# [Required action]
Write out the entries below exactly, but only from the line containing "If there are" through the line containing "Before we do", and without the pictures.

# [Information shown]
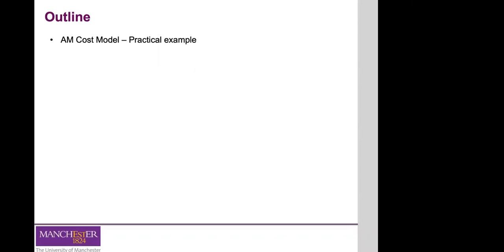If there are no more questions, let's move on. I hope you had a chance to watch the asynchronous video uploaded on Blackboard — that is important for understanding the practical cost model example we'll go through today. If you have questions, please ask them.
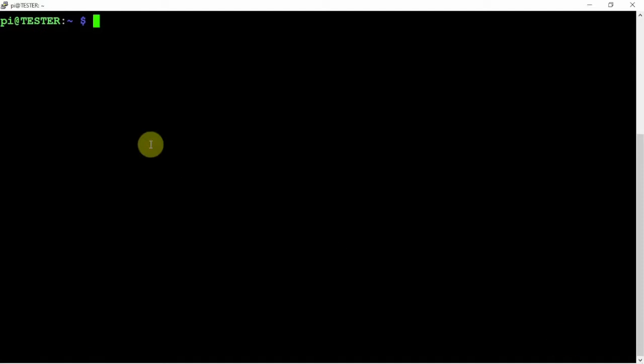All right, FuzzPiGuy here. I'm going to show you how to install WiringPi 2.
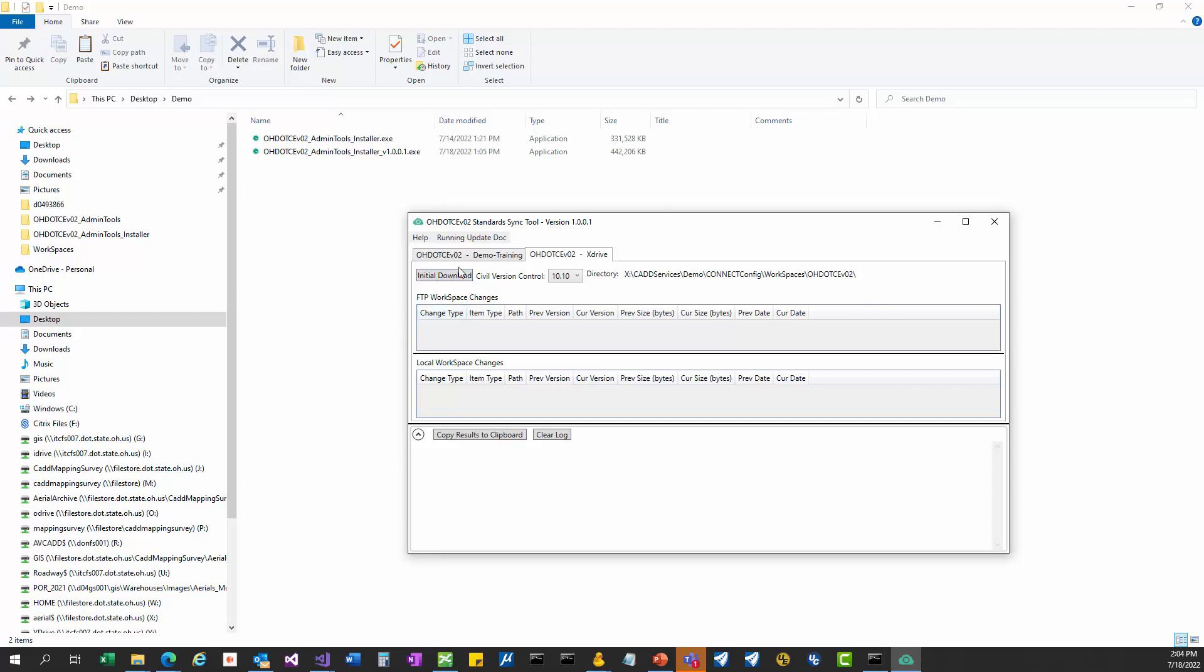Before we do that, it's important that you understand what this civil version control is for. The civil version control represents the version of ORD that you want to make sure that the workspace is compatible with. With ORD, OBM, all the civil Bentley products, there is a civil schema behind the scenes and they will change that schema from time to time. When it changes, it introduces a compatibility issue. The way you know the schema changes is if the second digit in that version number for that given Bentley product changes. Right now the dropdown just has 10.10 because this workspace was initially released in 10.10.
* * *
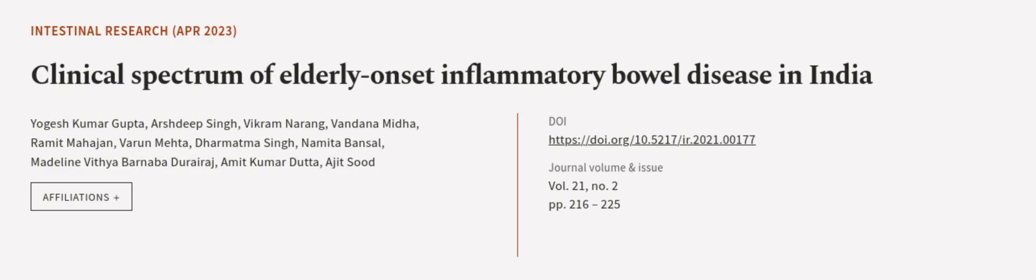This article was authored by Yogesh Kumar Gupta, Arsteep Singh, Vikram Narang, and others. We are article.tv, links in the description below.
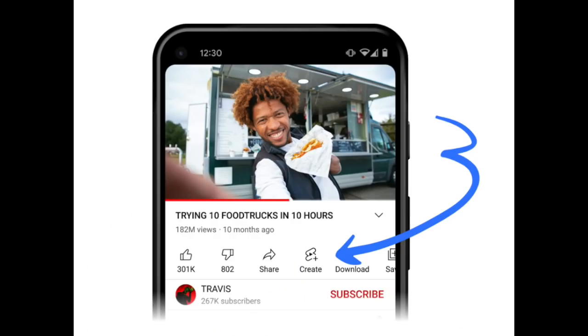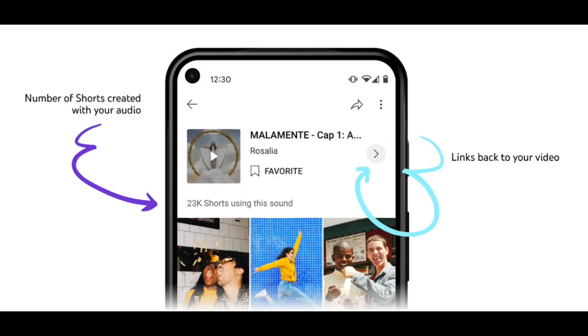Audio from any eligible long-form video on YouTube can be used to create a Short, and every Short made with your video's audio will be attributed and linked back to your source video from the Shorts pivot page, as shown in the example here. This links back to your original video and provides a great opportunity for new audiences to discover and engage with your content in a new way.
---
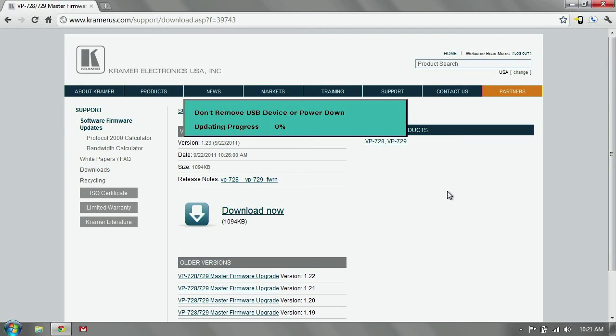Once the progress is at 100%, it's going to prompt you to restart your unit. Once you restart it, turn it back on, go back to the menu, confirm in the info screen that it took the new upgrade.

# [Exercise response]
If there are no more questions, let's move on. I hope you had a chance to watch the asynchronous video uploaded on Blackboard — that is important for understanding the practical cost model example we'll go through today. If you have questions, please ask them.
All right, FuzzPiGuy here. I'm going to show you how to install WiringPi 2.
Before we do that, it's important that you understand what this civil version control is for. The civil version control represents the version of ORD that you want to make sure that the workspace is compatible with. With ORD, OBM, all the civil Bentley products, there is a civil schema behind the scenes and they will change that schema from time to time. When it changes, it introduces a compatibility issue. The way you know the schema changes is if the second digit in that version number for that given Bentley product changes. Right now the dropdown just has 10.10 because this workspace was initially released in 10.10.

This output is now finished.